ECLI:NL:RBHAA:2009:BI0484
Rechtbank Haarlem
- Raadkamer
- H.M. van Dam
- Rechtspraak.nl
Verzoek tot schadevergoeding niet ontvankelijk door overeenkomst met openbaar ministerie
In deze zaak heeft de Rechtbank Haarlem op 19 maart 2009 uitspraak gedaan in een verzoek tot schadevergoeding van verzoeker, die ten onrechte in verzekering was gesteld en in voorlopige hechtenis had gezeten. Verzoeker was op 30 januari 2006 aangehouden op verdenking van afpersing, witwassen en deelname aan een criminele organisatie.

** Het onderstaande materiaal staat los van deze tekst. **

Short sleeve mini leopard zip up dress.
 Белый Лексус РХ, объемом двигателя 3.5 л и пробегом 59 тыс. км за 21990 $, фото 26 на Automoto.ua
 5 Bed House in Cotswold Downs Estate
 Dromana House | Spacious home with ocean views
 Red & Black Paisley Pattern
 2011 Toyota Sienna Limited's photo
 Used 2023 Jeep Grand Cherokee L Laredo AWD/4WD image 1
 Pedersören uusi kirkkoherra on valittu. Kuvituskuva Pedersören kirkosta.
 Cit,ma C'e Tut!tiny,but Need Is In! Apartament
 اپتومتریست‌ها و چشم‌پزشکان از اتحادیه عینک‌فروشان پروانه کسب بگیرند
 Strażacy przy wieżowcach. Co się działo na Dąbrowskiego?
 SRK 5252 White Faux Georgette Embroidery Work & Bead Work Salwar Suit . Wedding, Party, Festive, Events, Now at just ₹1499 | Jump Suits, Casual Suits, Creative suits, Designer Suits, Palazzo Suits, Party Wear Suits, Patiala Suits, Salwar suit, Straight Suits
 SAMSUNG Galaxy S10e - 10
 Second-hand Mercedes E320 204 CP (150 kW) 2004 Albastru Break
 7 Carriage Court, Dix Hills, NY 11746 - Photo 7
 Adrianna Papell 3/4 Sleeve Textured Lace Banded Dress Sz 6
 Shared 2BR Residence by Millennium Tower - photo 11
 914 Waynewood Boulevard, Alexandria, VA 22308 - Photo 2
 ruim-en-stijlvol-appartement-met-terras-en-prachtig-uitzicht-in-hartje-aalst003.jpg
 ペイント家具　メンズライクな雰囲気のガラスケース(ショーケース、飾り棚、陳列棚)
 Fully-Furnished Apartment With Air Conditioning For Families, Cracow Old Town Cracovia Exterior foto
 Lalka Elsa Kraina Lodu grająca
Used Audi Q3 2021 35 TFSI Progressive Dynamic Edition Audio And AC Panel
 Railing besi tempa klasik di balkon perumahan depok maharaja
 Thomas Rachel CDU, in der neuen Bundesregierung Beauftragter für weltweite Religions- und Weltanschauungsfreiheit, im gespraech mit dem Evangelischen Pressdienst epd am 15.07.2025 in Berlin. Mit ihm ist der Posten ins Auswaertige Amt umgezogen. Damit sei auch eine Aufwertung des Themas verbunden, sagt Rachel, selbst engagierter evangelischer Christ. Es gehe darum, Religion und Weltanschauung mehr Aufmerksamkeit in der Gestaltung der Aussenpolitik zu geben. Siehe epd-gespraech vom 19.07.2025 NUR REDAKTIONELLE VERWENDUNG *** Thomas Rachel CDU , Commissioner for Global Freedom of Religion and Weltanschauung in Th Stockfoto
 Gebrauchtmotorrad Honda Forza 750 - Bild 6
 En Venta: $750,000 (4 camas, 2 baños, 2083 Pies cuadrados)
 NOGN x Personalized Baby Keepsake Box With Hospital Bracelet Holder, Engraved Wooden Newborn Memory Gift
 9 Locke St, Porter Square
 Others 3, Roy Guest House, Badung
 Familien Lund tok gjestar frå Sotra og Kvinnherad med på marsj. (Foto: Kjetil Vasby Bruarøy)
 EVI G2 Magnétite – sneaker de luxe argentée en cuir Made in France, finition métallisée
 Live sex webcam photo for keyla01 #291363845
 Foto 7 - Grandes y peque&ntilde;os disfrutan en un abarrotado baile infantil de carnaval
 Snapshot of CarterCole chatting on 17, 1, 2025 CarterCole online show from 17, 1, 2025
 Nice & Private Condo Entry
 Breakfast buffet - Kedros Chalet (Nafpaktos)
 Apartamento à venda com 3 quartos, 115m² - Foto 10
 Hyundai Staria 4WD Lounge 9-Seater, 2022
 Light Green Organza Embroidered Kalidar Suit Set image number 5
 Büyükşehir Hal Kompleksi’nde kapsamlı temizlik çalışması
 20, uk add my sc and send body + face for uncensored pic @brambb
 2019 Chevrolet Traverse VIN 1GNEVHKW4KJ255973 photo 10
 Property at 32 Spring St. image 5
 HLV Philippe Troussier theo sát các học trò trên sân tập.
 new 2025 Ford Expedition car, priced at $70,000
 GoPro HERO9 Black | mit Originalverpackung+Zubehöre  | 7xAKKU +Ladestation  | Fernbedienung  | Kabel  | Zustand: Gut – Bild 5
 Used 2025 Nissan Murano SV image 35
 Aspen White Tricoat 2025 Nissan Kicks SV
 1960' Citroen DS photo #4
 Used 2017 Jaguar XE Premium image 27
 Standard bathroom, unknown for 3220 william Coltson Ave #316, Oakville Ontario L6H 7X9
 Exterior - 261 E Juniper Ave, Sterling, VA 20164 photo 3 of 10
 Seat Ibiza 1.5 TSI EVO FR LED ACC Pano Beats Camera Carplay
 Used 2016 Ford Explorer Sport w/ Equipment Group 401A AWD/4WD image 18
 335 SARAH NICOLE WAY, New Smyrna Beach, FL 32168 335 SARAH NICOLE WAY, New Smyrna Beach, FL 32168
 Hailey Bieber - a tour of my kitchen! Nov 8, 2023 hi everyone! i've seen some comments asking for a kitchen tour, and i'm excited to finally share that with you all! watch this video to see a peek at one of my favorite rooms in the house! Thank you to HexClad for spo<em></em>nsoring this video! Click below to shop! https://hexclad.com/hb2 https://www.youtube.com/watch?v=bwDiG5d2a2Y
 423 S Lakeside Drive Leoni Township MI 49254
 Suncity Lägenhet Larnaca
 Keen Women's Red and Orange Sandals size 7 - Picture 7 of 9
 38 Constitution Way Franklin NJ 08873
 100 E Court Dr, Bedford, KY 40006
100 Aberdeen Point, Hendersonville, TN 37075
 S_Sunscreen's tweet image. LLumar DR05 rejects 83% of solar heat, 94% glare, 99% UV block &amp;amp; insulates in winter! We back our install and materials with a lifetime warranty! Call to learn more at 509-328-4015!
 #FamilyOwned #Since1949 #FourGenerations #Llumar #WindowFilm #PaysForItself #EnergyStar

Na een vrijspraak op 21 december 2007 door de meervoudige kamer, heeft het openbaar ministerie hoger beroep ingesteld. In de zomer van 2008 heeft er een overeenkomst plaatsgevonden tussen de raadsman van verzoeker en de advocaat-generaal, waarbij het openbaar ministerie bereid was het hoger beroep in te trekken, mits verzoeker afzag van het indienen van een verzoek tot schadevergoeding. Deze overeenkomst werd vastgelegd in een brief van 28 juli 2008.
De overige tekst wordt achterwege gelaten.